- YOUR ASSIGNMENT -
From the line that includes "MICHAEL KORS Avril" to the last line of the records that follow, copy every line exactly and nothing more, omitting pictures.

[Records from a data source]

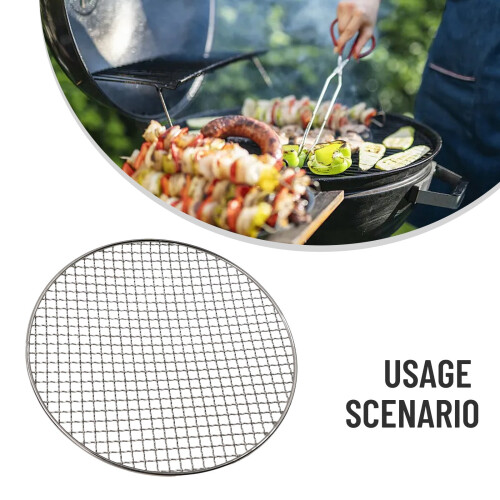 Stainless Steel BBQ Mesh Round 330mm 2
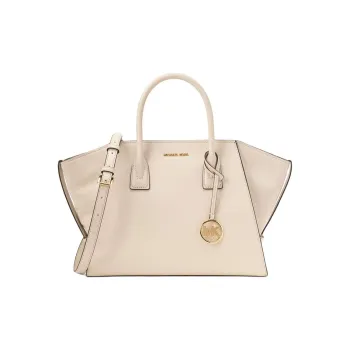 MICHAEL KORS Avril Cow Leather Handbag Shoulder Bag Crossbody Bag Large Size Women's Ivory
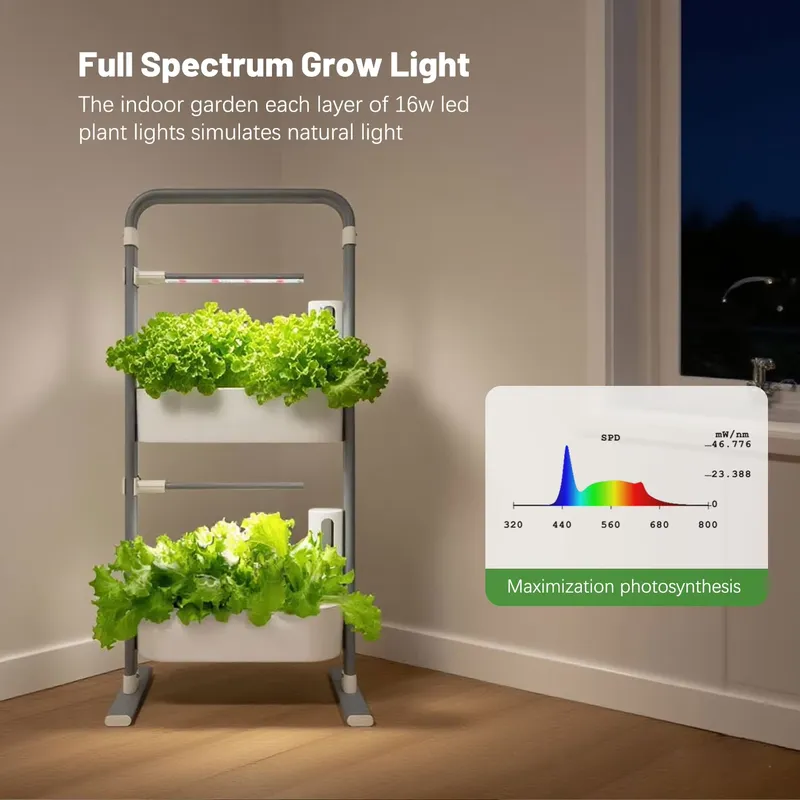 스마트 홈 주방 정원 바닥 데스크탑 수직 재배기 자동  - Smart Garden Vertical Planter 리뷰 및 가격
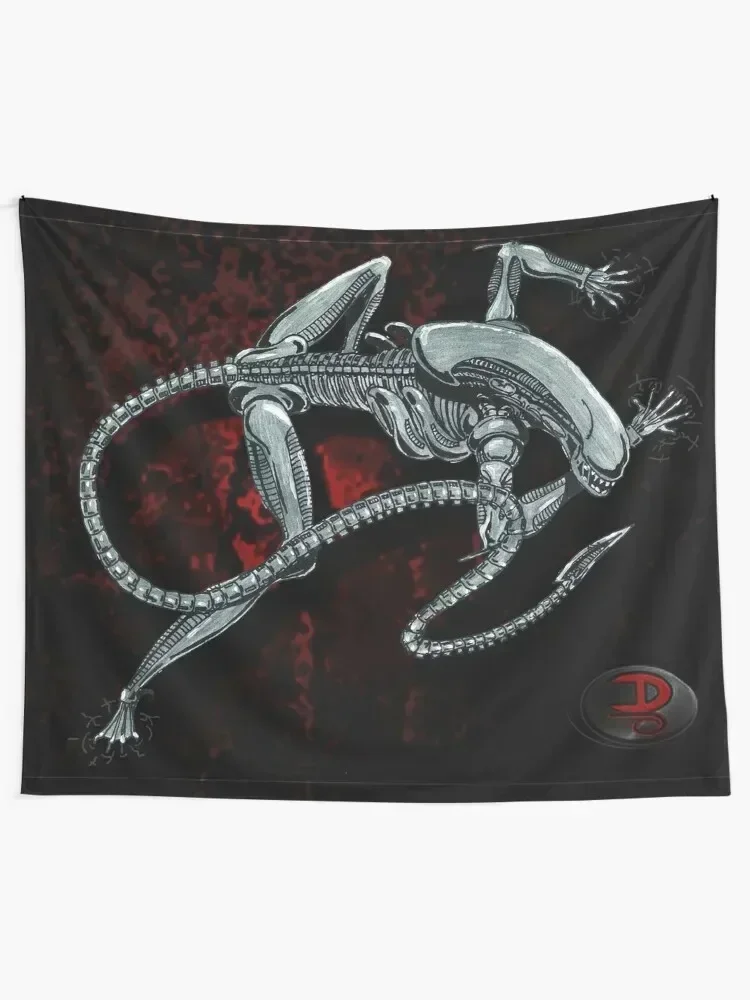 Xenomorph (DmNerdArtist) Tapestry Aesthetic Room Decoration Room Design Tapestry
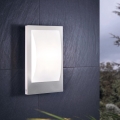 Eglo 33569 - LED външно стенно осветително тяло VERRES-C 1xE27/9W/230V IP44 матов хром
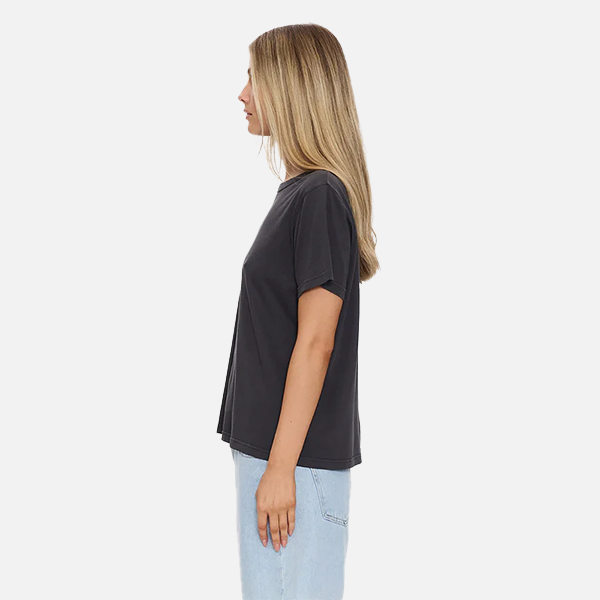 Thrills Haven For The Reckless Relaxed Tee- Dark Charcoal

- RESPONSE FOR THIS EXERCISE -
 MICHAEL KORS Avril Cow Leather Handbag Shoulder Bag Crossbody Bag Large Size Women's Ivory
 스마트 홈 주방 정원 바닥 데스크탑 수직 재배기 자동  - Smart Garden Vertical Planter 리뷰 및 가격
 Xenomorph (DmNerdArtist) Tapestry Aesthetic Room Decoration Room Design Tapestry
 Eglo 33569 - LED външно стенно осветително тяло VERRES-C 1xE27/9W/230V IP44 матов хром
 Thrills Haven For The Reckless Relaxed Tee- Dark Charcoal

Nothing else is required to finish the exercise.